§ **DATA IN THIS EXERCISE**:

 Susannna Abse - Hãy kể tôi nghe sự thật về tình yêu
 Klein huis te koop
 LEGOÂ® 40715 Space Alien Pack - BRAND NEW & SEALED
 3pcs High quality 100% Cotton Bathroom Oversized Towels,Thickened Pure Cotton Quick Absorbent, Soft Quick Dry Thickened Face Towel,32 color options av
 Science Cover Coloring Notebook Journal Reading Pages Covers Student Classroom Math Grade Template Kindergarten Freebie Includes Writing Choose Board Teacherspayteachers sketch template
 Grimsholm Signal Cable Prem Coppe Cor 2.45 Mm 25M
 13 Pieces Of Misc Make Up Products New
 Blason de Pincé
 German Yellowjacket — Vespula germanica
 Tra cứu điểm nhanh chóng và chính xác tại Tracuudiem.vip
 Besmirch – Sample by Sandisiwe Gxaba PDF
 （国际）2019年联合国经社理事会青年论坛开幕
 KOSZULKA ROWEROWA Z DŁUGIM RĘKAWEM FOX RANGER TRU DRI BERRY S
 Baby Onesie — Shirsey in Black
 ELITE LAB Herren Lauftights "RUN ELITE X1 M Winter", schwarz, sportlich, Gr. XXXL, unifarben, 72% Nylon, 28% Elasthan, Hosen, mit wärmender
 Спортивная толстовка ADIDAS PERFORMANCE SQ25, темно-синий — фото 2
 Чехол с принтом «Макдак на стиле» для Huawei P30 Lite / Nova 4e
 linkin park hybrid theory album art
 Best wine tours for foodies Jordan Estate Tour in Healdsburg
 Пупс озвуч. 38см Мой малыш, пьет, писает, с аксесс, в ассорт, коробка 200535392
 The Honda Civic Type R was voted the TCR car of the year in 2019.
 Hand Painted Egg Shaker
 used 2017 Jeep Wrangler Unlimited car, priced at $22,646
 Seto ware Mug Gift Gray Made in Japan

§ **WHAT THE TASK REQUIRES**:
Print exactly the lines of the listing above starting at the line containing "linkin park hybrid theory album art" and ending at the line containing "Hand Painted Egg Shaker", both included.

§ **TASK ANSWER**:
 linkin park hybrid theory album art
 Best wine tours for foodies Jordan Estate Tour in Healdsburg
 Пупс озвуч. 38см Мой малыш, пьет, писает, с аксесс, в ассорт, коробка 200535392
 The Honda Civic Type R was voted the TCR car of the year in 2019.
 Hand Painted Egg Shaker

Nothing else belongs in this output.